2.1 Gaussian Filter¶
The Gaussian filter replaces each pixel with a weighted average of its neighbors, using a bell-curve (Gaussian) kernel. It is effective against Gaussian noise and is the most commonly used low-pass filter.
import cv2
import matplotlib.pyplot as plt
img = cv2.imread("robot_workspace.jpg", cv2.IMREAD_GRAYSCALE)
# Apply Gaussian blur with increasing kernel sizes
blur_3 = cv2.GaussianBlur(img, (3, 3), 0)
blur_7 = cv2.GaussianBlur(img, (7, 7), 0)
blur_15 = cv2.GaussianBlur(img, (15, 15), 0)
fig, axes = plt.subplots(1, 4, figsize=(16, 4))
for ax, im, title in zip(axes,
[img, blur_3, blur_7, blur_15],
["Original", "3×3", "7×7", "15×15"]):
ax.imshow(im, cmap="gray")
ax.set_title(f"Gaussian {title}")
ax.axis("off")
plt.tight_layout()
plt.show()
Kernel Size Rules
- Must be odd and positive: 3, 5, 7, …
- Larger kernels → more smoothing, slower computation
- The third argument
0tells OpenCV to compute σ from the kernel size
2.2 Median Filter¶
The median filter replaces each pixel with the median of its neighborhood. It is especially effective at removing salt-and-pepper noise (random black/white pixels) while preserving edges better than a Gaussian filter.
import cv2
import numpy as np
import matplotlib.pyplot as plt
img = cv2.imread("robot_workspace.jpg", cv2.IMREAD_GRAYSCALE)
# Simulate salt-and-pepper noise
def add_salt_pepper(image, amount=0.02):
noisy = image.copy()
num_salt = int(amount * image.size / 2)
# Salt
coords = tuple(np.random.randint(0, d, num_salt) for d in image.shape)
noisy[coords] = 255
# Pepper
coords = tuple(np.random.randint(0, d, num_salt) for d in image.shape)
noisy[coords] = 0
return noisy
noisy = add_salt_pepper(img, amount=0.03)
median_3 = cv2.medianBlur(noisy, 3)
median_7 = cv2.medianBlur(noisy, 7)
fig, axes = plt.subplots(1, 3, figsize=(12, 4))
for ax, im, title in zip(axes,
[noisy, median_3, median_7],
["Noisy", "Median 3×3", "Median 7×7"]):
ax.imshow(im, cmap="gray")
ax.set_title(title)
ax.axis("off")
plt.tight_layout()
plt.show()
2.3 Bilateral Filter¶
The bilateral filter smooths the image while preserving edges.
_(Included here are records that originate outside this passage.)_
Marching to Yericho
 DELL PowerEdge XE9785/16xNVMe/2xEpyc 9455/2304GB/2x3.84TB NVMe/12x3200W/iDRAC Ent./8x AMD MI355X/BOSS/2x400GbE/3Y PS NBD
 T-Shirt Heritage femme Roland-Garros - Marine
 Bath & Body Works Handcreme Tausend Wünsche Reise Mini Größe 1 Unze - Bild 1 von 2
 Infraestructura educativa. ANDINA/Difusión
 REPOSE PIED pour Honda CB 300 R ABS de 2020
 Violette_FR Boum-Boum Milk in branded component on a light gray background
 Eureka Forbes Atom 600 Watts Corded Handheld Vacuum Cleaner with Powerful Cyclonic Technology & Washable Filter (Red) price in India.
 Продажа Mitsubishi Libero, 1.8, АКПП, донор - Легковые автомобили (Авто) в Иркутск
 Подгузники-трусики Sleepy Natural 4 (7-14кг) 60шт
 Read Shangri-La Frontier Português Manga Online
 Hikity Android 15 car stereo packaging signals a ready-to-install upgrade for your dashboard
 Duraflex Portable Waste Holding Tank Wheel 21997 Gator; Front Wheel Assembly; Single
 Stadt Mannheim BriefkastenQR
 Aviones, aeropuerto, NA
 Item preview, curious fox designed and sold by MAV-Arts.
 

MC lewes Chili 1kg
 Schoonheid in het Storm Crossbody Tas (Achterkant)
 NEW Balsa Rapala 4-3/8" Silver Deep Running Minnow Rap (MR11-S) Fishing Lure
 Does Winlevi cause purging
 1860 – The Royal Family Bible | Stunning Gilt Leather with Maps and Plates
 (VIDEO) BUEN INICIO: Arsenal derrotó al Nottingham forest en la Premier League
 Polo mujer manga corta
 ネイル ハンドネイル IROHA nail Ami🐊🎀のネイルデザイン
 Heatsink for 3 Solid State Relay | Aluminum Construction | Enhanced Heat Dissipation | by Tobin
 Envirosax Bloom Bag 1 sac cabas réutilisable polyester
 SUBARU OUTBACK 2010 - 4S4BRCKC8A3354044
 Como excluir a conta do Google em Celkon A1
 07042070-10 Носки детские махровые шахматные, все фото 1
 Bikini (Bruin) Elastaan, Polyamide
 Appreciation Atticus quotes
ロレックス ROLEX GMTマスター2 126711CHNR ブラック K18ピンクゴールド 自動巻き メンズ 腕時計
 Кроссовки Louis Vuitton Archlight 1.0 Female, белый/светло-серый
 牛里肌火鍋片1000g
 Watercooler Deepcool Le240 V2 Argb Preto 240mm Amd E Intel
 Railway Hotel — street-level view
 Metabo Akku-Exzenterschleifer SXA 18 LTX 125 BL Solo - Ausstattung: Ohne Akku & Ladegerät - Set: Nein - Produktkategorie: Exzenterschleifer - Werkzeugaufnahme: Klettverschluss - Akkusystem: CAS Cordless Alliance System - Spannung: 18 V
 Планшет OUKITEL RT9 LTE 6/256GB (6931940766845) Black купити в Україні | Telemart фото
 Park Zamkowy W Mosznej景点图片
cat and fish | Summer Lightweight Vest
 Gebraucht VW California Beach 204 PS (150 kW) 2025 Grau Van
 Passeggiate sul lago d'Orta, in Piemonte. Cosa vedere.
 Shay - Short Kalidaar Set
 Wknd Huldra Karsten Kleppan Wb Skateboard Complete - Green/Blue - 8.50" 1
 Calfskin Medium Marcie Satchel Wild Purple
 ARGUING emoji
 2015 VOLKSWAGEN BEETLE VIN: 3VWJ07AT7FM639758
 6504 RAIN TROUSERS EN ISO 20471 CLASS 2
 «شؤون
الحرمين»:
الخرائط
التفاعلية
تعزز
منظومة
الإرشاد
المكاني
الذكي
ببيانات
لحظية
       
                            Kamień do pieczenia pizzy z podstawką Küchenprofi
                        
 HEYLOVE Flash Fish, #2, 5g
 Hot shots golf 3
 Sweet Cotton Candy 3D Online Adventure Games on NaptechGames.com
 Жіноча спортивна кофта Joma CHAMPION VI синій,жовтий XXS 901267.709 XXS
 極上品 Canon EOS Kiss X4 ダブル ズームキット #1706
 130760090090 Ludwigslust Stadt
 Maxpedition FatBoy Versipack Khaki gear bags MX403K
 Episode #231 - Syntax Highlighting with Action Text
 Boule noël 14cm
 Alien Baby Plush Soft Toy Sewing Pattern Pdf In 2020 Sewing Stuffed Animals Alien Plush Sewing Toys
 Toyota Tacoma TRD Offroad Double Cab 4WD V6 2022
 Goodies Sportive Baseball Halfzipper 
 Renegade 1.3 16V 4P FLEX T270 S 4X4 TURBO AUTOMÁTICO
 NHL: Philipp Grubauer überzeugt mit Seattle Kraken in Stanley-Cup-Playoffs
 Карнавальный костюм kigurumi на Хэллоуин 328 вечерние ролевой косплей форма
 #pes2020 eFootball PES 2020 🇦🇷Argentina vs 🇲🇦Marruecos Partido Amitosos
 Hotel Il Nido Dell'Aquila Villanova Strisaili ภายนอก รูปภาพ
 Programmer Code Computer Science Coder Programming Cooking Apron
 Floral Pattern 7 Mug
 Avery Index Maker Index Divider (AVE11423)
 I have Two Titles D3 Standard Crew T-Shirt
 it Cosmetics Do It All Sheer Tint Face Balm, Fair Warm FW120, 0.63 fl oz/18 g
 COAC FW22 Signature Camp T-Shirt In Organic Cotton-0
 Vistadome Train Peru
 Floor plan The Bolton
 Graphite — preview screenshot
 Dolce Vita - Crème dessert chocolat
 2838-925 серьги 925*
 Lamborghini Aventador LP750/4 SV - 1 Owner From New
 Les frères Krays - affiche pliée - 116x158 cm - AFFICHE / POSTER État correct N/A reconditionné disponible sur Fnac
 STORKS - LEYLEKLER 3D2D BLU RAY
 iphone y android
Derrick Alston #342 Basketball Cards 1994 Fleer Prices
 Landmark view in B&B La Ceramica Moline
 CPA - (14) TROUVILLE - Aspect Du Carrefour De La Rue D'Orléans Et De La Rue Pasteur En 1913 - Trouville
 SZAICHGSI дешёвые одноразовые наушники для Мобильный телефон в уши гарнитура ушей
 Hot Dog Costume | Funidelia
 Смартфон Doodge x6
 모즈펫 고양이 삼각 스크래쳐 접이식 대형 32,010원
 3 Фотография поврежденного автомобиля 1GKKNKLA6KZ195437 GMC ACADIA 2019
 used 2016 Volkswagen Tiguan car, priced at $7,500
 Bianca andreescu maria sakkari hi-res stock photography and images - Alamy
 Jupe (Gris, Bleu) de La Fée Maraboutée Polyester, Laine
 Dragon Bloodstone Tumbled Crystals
It considers both spatial distance and intensity difference when weighting neighbors—pixels across an edge contribute very little.
import cv2
import matplotlib.pyplot as plt
img = cv2.imread("robot_workspace.jpg", cv2.IMREAD_GRAYSCALE)
# cv2.bilateralFilter(src, d, sigmaColor, sigmaSpace)
bilateral = cv2.bilateralFilter(img, d=9, sigmaColor=75, sigmaSpace=75)
gaussian = cv2.GaussianBlur(img, (9, 9), 0)
fig, axes = plt.subplots(1, 3, figsize=(14, 4))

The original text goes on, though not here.